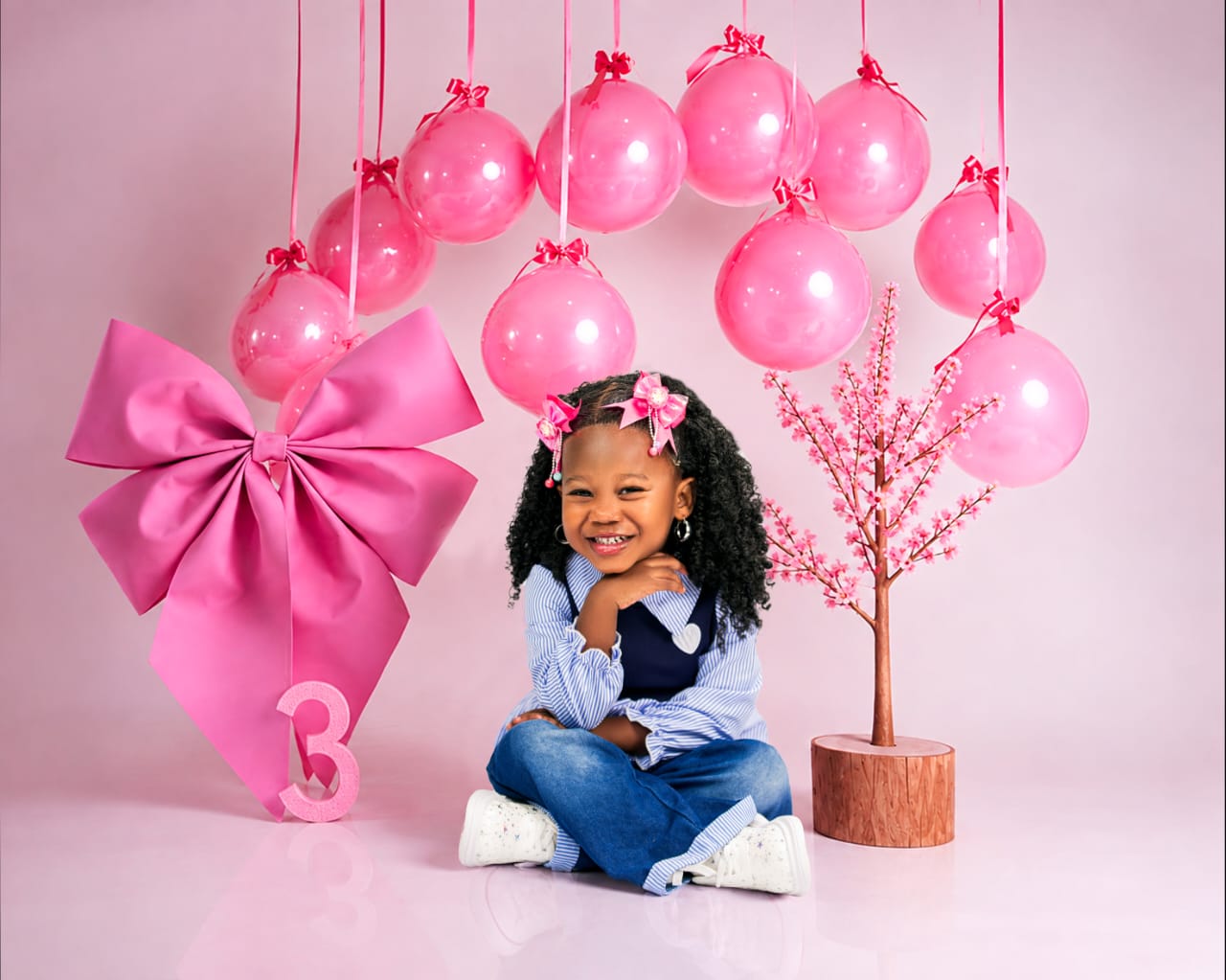 Third birthday portrait in pink with balloons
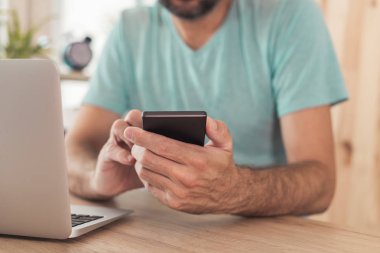 Ev ofisinde akıllı telefon kullanarak Freelancer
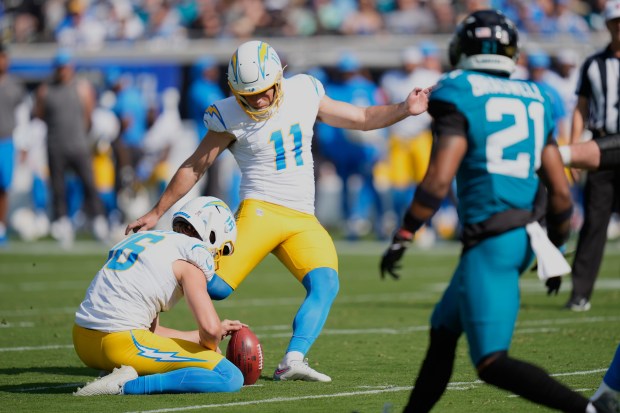 Chargers kicker Cameron Dicker (11) kicks a field goal out...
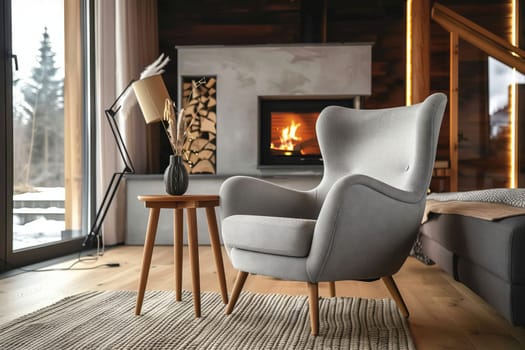 A cozy living room with a wooden chair, rectangular table, and fireplace fixture. The interior design includes hardwood flooring, large window, and comfortable seating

→ Exercise
Exclude all pictures and return precisely the lines from the one containing "Chargers kicker Cameron" through the closing line of the data.

→ Response
 Chargers kicker Cameron Dicker (11) kicks a field goal out...
 A cozy living room with a wooden chair, rectangular table, and fireplace fixture. The interior design includes hardwood flooring, large window, and comfortable seating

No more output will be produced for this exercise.